Task directions:
Your answer should be the lines below from the one holding "Apples Pattern Round Clock (Front)" through the one holding "signal strength indicator glass", copied exactly and with nothing else.

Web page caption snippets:
********
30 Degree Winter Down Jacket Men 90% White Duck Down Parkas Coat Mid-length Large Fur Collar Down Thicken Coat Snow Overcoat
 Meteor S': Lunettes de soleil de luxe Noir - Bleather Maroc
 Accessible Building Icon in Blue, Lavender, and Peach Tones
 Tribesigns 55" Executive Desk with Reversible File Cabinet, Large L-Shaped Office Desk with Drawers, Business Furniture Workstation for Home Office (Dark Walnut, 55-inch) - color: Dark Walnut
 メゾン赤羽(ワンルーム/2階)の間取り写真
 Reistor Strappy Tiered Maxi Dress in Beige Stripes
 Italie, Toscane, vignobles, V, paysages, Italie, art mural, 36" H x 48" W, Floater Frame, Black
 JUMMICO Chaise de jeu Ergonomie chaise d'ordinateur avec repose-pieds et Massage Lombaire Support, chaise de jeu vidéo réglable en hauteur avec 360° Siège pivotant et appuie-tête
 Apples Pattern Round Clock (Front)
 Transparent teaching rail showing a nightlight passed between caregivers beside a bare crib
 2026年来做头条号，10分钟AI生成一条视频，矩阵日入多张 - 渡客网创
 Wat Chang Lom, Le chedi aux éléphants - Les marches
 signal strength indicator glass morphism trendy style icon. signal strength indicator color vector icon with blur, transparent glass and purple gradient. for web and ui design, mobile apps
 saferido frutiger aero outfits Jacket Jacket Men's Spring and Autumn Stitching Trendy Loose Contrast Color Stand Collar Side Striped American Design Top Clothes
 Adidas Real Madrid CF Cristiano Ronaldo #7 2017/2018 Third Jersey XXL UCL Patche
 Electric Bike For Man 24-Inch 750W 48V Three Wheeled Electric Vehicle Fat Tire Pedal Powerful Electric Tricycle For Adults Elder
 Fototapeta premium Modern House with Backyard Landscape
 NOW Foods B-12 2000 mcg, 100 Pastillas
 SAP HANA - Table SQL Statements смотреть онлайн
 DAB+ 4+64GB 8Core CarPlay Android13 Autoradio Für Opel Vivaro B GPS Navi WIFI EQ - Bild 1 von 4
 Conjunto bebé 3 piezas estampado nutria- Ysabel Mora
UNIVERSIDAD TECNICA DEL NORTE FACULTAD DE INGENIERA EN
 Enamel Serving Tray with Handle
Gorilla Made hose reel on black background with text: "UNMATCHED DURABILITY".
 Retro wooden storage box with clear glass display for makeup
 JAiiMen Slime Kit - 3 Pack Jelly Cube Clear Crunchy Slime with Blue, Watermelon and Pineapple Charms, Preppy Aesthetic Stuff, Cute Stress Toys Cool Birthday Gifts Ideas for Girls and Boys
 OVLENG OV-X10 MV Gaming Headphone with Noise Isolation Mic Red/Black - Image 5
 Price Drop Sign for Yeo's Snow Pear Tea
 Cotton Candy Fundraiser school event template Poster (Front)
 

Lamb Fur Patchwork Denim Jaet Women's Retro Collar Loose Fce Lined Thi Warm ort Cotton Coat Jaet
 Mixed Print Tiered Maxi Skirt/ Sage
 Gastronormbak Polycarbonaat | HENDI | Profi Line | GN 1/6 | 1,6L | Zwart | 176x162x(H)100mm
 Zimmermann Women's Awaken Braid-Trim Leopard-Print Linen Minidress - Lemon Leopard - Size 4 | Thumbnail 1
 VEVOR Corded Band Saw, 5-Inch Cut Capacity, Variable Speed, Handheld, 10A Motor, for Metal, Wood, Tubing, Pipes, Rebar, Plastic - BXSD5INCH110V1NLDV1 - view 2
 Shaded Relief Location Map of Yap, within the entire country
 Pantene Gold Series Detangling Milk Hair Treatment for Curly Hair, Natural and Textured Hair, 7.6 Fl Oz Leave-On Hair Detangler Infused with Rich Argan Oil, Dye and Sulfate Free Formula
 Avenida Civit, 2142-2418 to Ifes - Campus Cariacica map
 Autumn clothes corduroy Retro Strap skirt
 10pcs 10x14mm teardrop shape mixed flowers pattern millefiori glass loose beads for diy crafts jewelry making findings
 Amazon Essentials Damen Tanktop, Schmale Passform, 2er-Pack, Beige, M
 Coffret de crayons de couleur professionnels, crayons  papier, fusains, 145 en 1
********
Solution:
 Apples Pattern Round Clock (Front)
 Transparent teaching rail showing a nightlight passed between caregivers beside a bare crib
 2026年来做头条号，10分钟AI生成一条视频，矩阵日入多张 - 渡客网创
 Wat Chang Lom, Le chedi aux éléphants - Les marches
 signal strength indicator glass morphism trendy style icon. signal strength indicator color vector icon with blur, transparent glass and purple gradient. for web and ui design, mobile apps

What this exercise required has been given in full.